Execution of notebook in Literate.jl not working but notebook executes fine in Jupyter: serialization issue

I have a julia script that executes fine and I can generate a Jupyter notebook with Literate.jl fine, if I use execute=false. If I open the generated notebook in Juptyer it executes fine. But if I specify execute=true in Literate execution fails. The problem occurs at the point where I am deserialising an MLJ model stored as a JLSO file. I get

[warn | JLSO]: UndefVarError: ##302 not defined

and the deserialised object is apparently not useable, throwing the exception caught by Literate.

Unfortunately this does not happen with every MLJ model and I’m struggling to isolate the issue. Before proceeding too far, I wanted to check if someone had some idea about what might be going on.

My models are not built using macros.

@fredrikekre @oxinabox @Pangoraw

If you can post some code that reproduces it it would be much simpler to debug.

@fredrikekre Thanks for the offer of help. I’ve pared down my original script which is copied below.

Some observations:

  • The plain booster model (from EvoTrees.jl) deserialises fine
  • If booster is wrapped in TunedModel (to give tuned_booster) the wrapped model fails to deserialise
  • If I substitute the booster model for a simpler decision tree (from MLJDecisionTreeInterface.jl) the wrapped model does not fail.
  • To re-iterate earlier comment, the plain .jl script runs fine.
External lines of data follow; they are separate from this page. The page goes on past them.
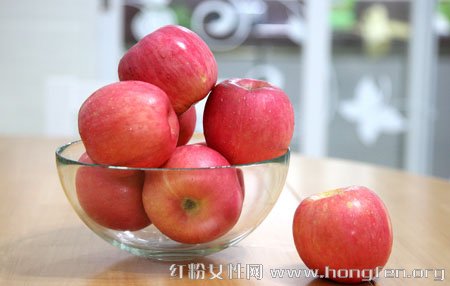 食用苹果的养生功效以及清洗小窍门(4)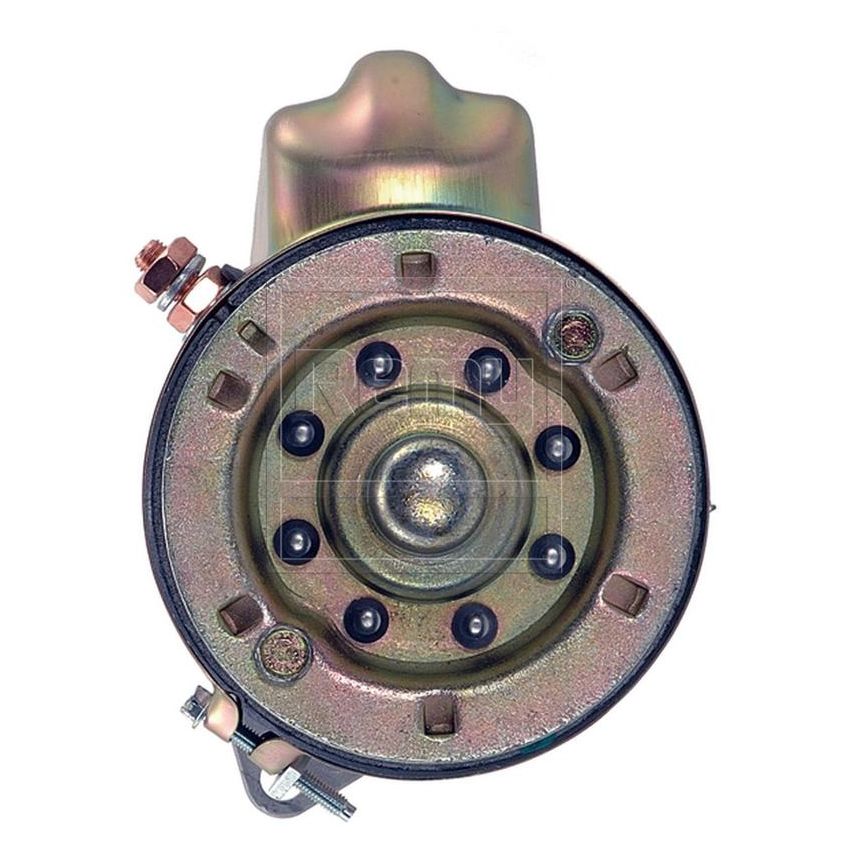 REMY ELECTRICAL 25224 Remanufactured Starter Motor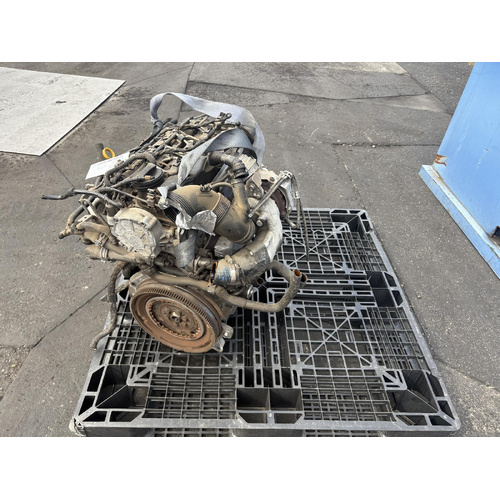 Volkswagen Caddy Engine 1.6 Turbo Diesel CAYD 2K 08/2010-06/2015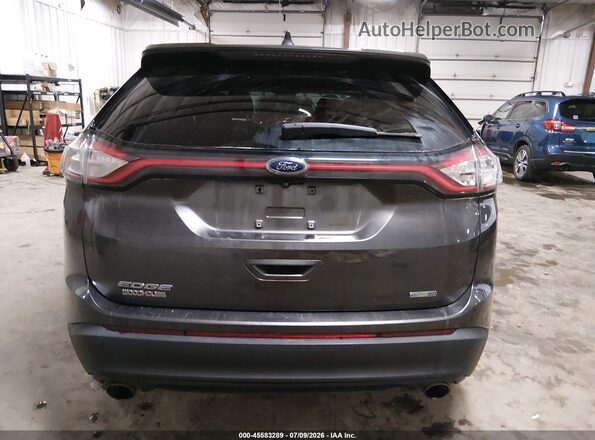 2FMPK4G97HBC63970 2017 FORD EDGE Серый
And the generating a Juptyer notebook with execute=false will execute fine when launched from Juptyer

To reproduce the error:

  • Name the script below “notebook.jl” and startup julia REPL from a directory containing the script
  • Create an new Julia environment with only Literate.jl in it (version 2.12.1)
  • Run using Literate; Literate.notebook("notebook.jl", ".")

The full stack trace is given under “details” at the end.

The notebook.jl script

using Pkg
Pkg.activate(temp=true)
Pkg.add(name="EvoTrees", version="0.9.4")
Pkg.add(name="MLJBase", version="0.19.6")
Pkg.add(name="MLJSerialization", version="1.1.3")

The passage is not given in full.